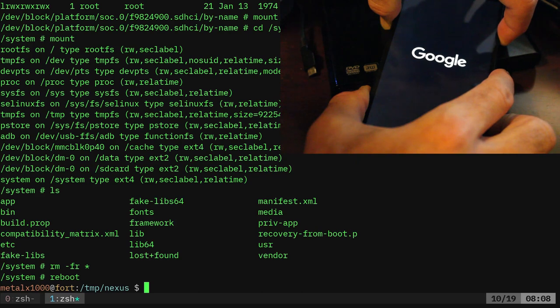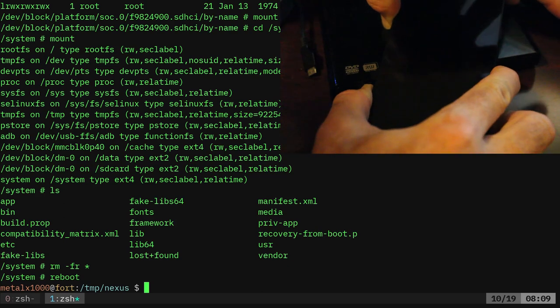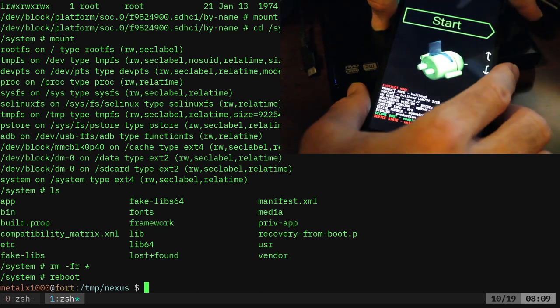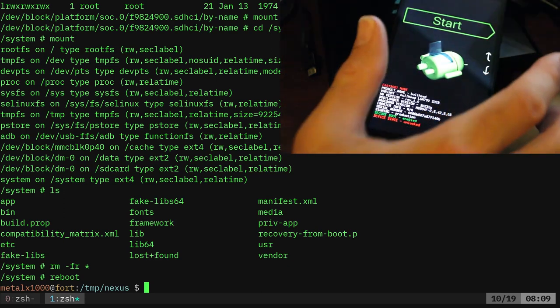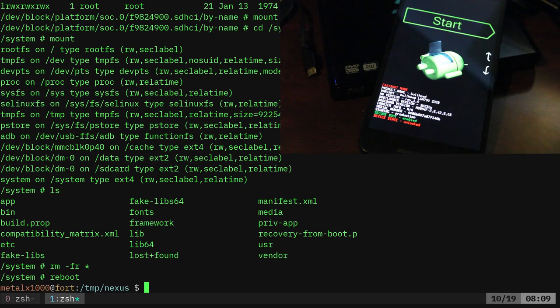And as soon as it turns off I'm going to hit the down volume button and hold it. And now we're back at this bootloader screen with fastboot enabled. So let me go ahead and clear the screen here.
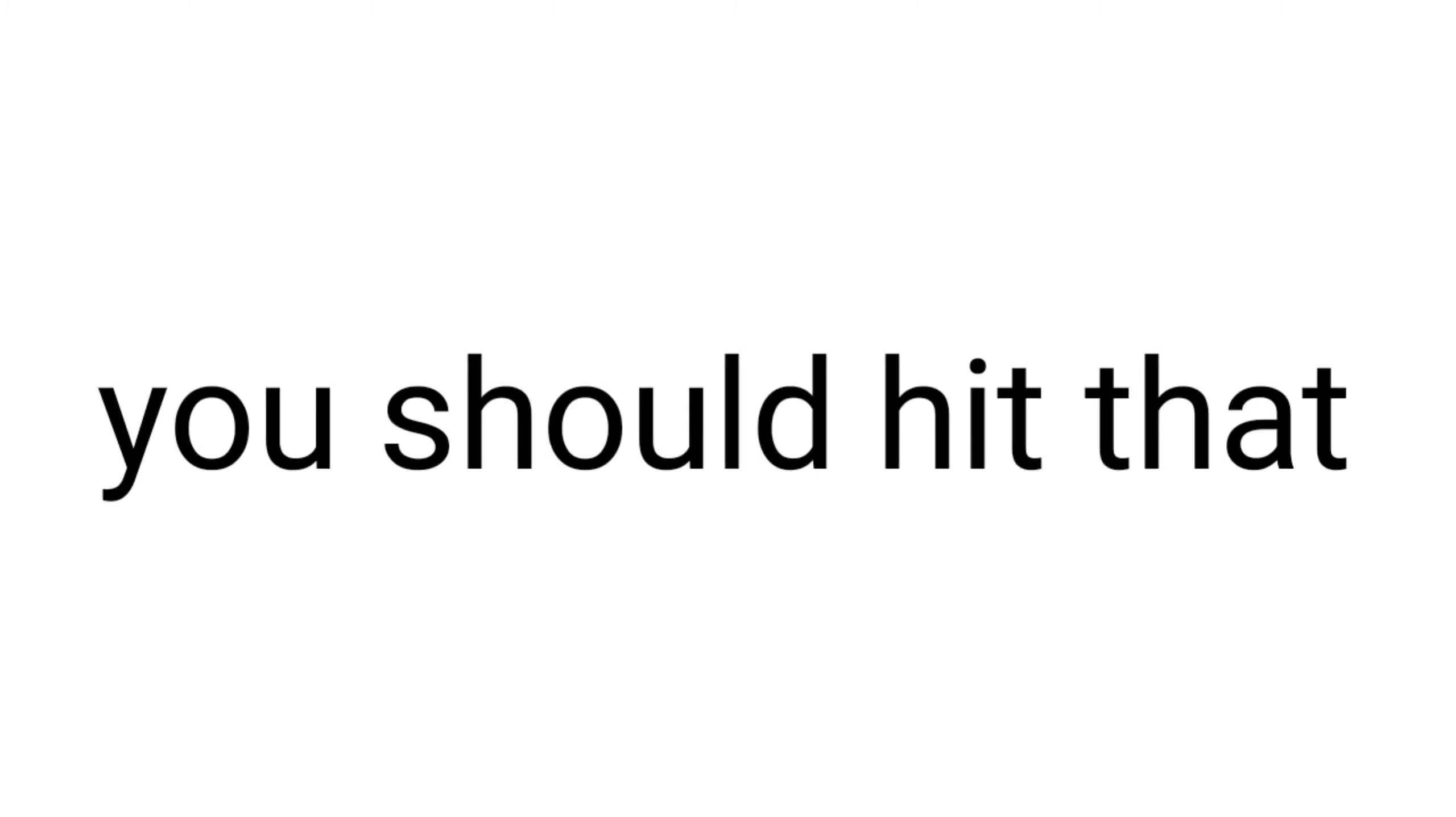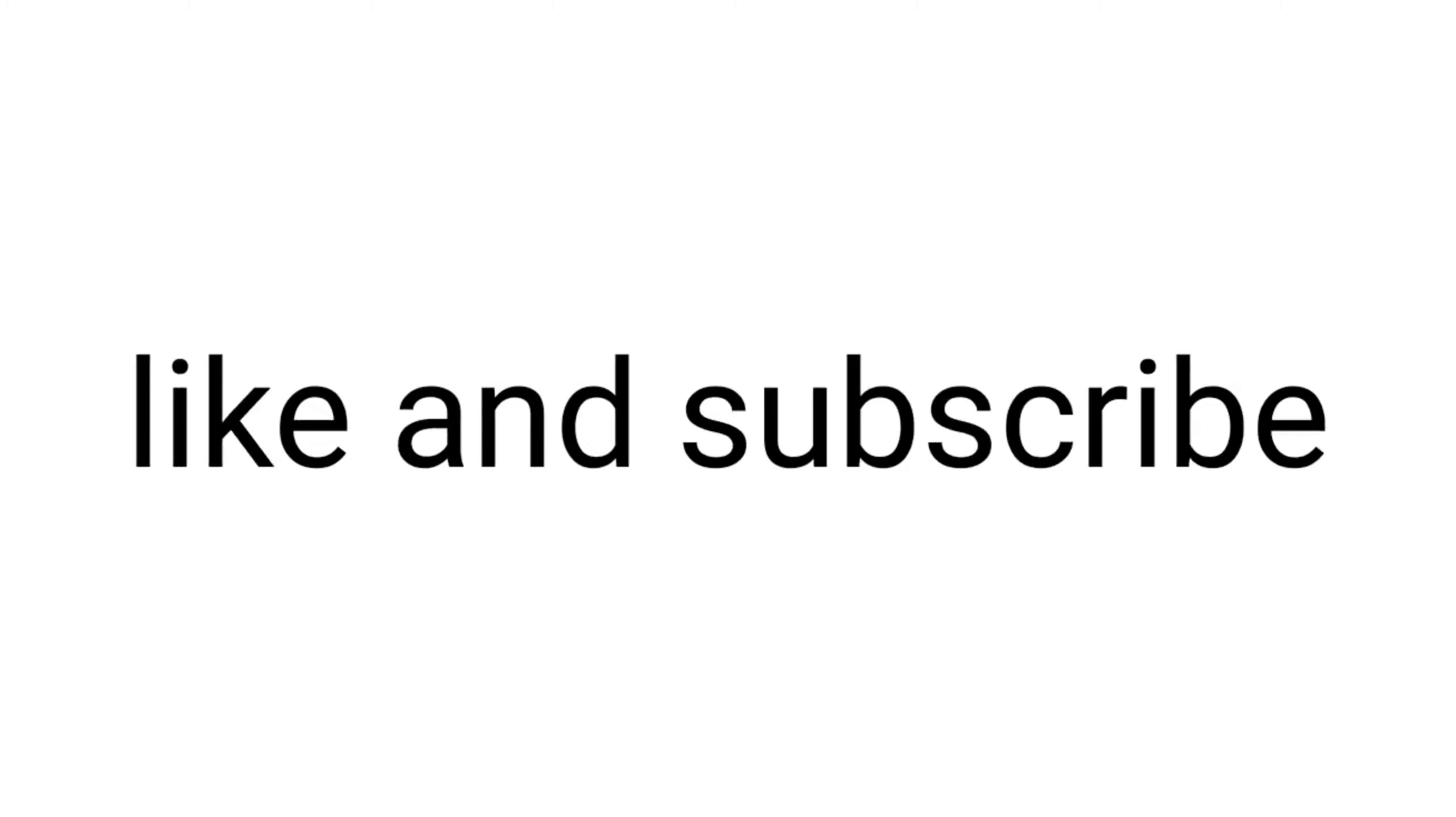So are you ready? But before we begin, you should hit that like and subscribe button please, so that I can make more interesting videos for you.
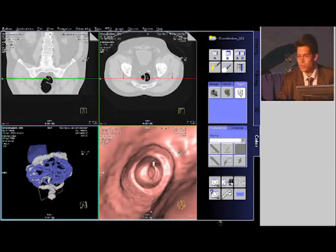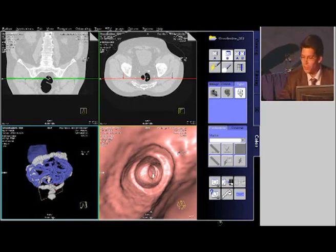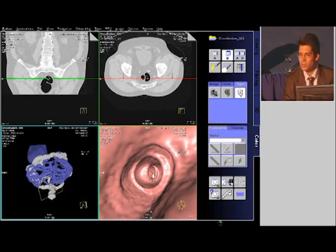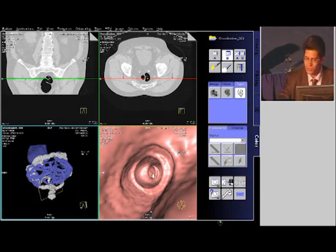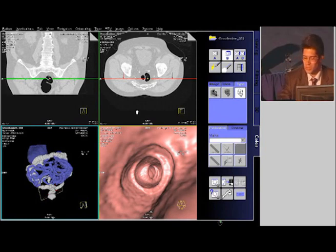There is still controversy about how to read a virtual colonoscopy. I just two weeks ago discussed with leading European experts in Belgium about how everybody does it. It's still split into those who do primary 2D and those who do primary 3D read. There are no clinical trials showing statistically significant differences between those two approaches, so everybody can do the approach they prefer personally. The nice thing about this software is that it's one of the few systems on the market you can equally use for primary 2D or primary 3D read.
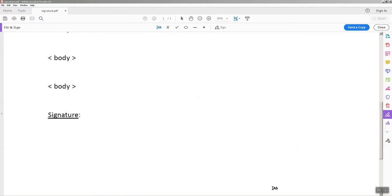Hi, today we will discuss how to insert a signature in any PDF document. Sometimes we need to insert our signatures but we don't know how to do that. This video is for you.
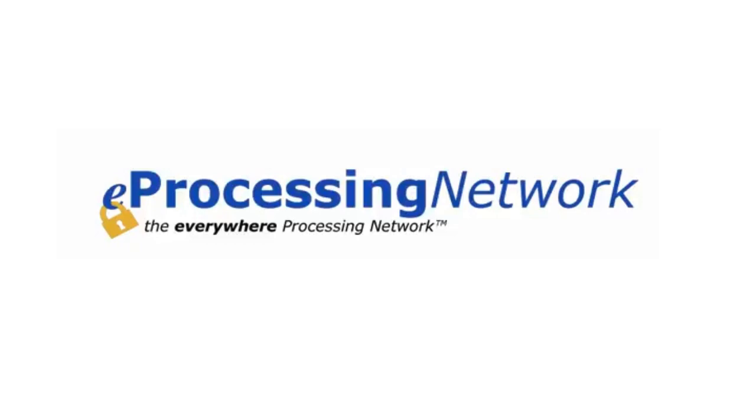Please contact your authorized sales agent for more information about eProcessing Network products. Thank you for watching.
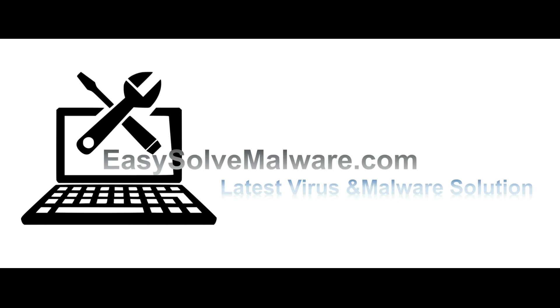That's all. Thank you for watching the video from EasySolveMalware.com. We hope it solved your problem. Thank you.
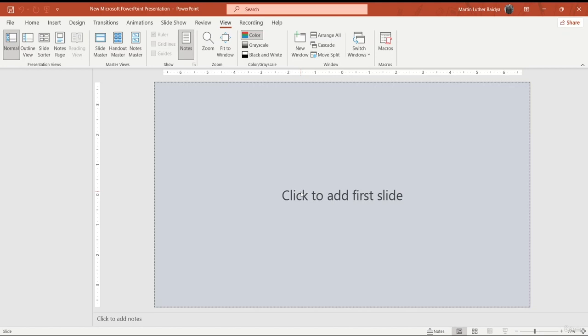Welcome to a new lesson on Microsoft PowerPoint. This is a bit of an advanced lesson where we are going to learn about Microsoft PowerPoint macros. Macros are important and you will also see this option in different softwares like Microsoft Excel and Microsoft Word. Before getting into the lesson, a macro is a series of commands and instructions that you group together as a single command to accomplish a task automatically.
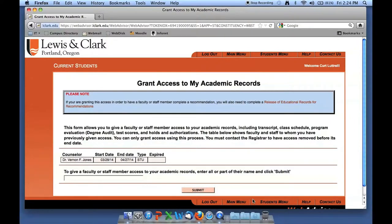It brings up the area in which you can assign access to your records. As you're assigning access, this will provide the individual whom you grant access the ability to view your academic records, including your transcript, class schedule, program evaluation or degree audit, test scores that may be on our student information system, and any holds and authorizations you may have.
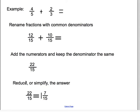We have added these fractions. However, we can reduce or simplify the answer. Let's take that twenty-two fifteenths — it's an improper fraction, so let's change it into a mixed number. We get one and seven fifteenths, and that can't be reduced any further. So our answer is one and seven fifteenths. Make sure you have this example copied into your notes before you continue.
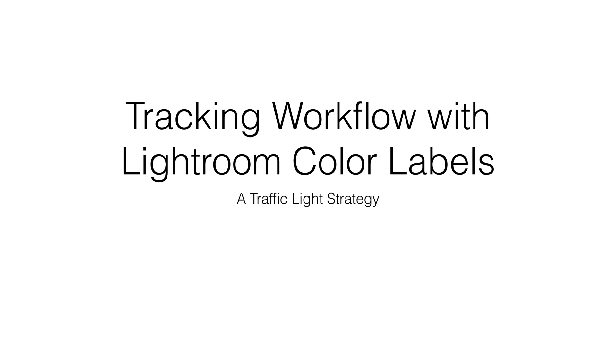You ever have a time when you're looking at all your photos and kind of wonder where you are? It just seems like one big mess of images and you don't know exactly what you've worked on, what still needs to be worked on. Well, today we're going to talk about tracking your workflow with Lightroom color labels and it is really as simple as a traffic light strategy.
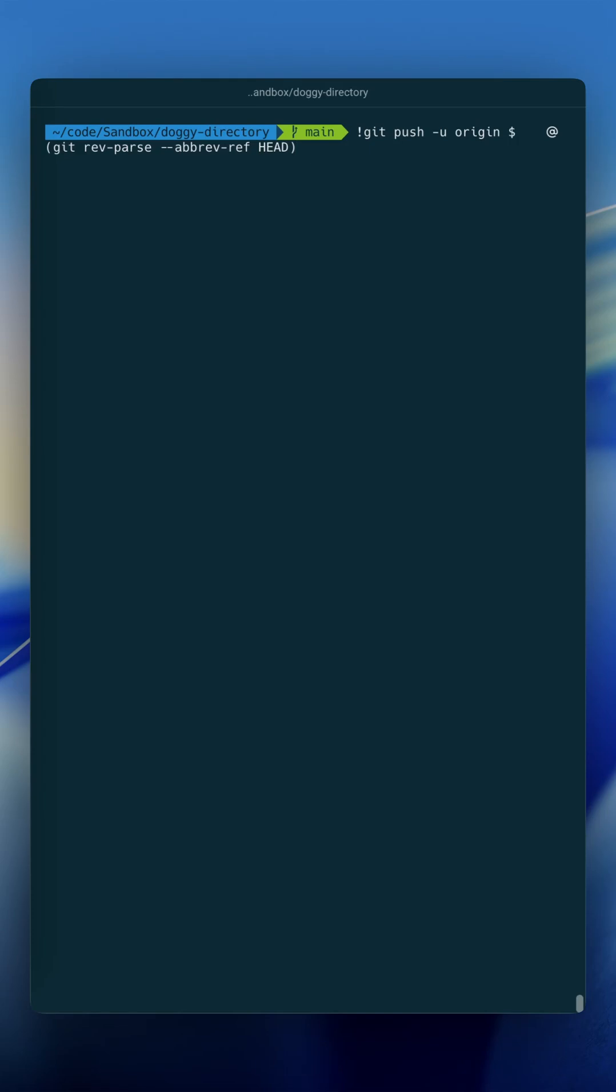Hopefully you found some of these aliases to be helpful. Please share in the comments below aliases that you like to use, and I'll catch you in the next one.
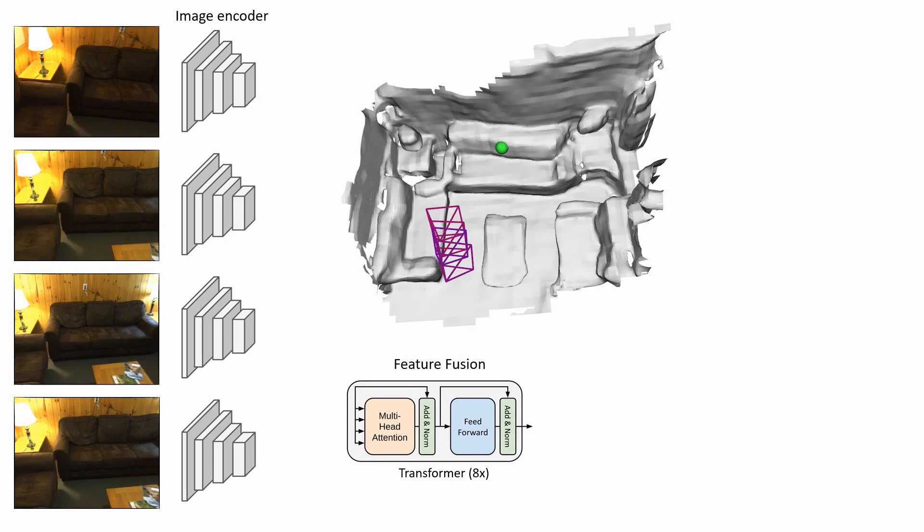The transformer network processes 2D features from all views and fuses them together with a combination of multi-head attention and feedforward layers. This enables attending to the most relevant image features in the temporal domain to reconstruct a local 3D region of the scene. This leads to a considerable reconstruction performance improvement in contrast to an equal weight treatment of each individual frame.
^^^^^^^^
**YOUR TASK:**
Copy every record above exactly, leaving out any pictures.

**WRITTEN SOLUTION:**
And as soon as it turns off I'm going to hit the down volume button and hold it. And now we're back at this bootloader screen with fastboot enabled. So let me go ahead and clear the screen here.
So are you ready? But before we begin, you should hit that like and subscribe button please, so that I can make more interesting videos for you.
There is still controversy about how to read a virtual colonoscopy. I just two weeks ago discussed with leading European experts in Belgium about how everybody does it. It's still split into those who do primary 2D and those who do primary 3D read. There are no clinical trials showing statistically significant differences between those two approaches, so everybody can do the approach they prefer personally. The nice thing about this software is that it's one of the few systems on the market you can equally use for primary 2D or primary 3D read.
Hi, today we will discuss how to insert a signature in any PDF document. Sometimes we need to insert our signatures but we don't know how to do that. This video is for you.
Please contact your authorized sales agent for more information about eProcessing Network products. Thank you for watching.
That's all. Thank you for watching the video from EasySolveMalware.com. We hope it solved your problem. Thank you.
Welcome to a new lesson on Microsoft PowerPoint. This is a bit of an advanced lesson where we are going to learn about Microsoft PowerPoint macros. Macros are important and you will also see this option in different softwares like Microsoft Excel and Microsoft Word. Before getting into the lesson, a macro is a series of commands and instructions that you group together as a single command to accomplish a task automatically.
It brings up the area in which you can assign access to your records. As you're assigning access, this will provide the individual whom you grant access the ability to view your academic records, including your transcript, class schedule, program evaluation or degree audit, test scores that may be on our student information system, and any holds and authorizations you may have.
We have added these fractions. However, we can reduce or simplify the answer. Let's take that twenty-two fifteenths — it's an improper fraction, so let's change it into a mixed number. We get one and seven fifteenths, and that can't be reduced any further. So our answer is one and seven fifteenths. Make sure you have this example copied into your notes before you continue.
You ever have a time when you're looking at all your photos and kind of wonder where you are? It just seems like one big mess of images and you don't know exactly what you've worked on, what still needs to be worked on. Well, today we're going to talk about tracking your workflow with Lightroom color labels and it is really as simple as a traffic light strategy.
Hopefully you found some of these aliases to be helpful. Please share in the comments below aliases that you like to use, and I'll catch you in the next one.
The transformer network processes 2D features from all views and fuses them together with a combination of multi-head attention and feedforward layers. This enables attending to the most relevant image features in the temporal domain to reconstruct a local 3D region of the scene. This leads to a considerable reconstruction performance improvement in contrast to an equal weight treatment of each individual frame.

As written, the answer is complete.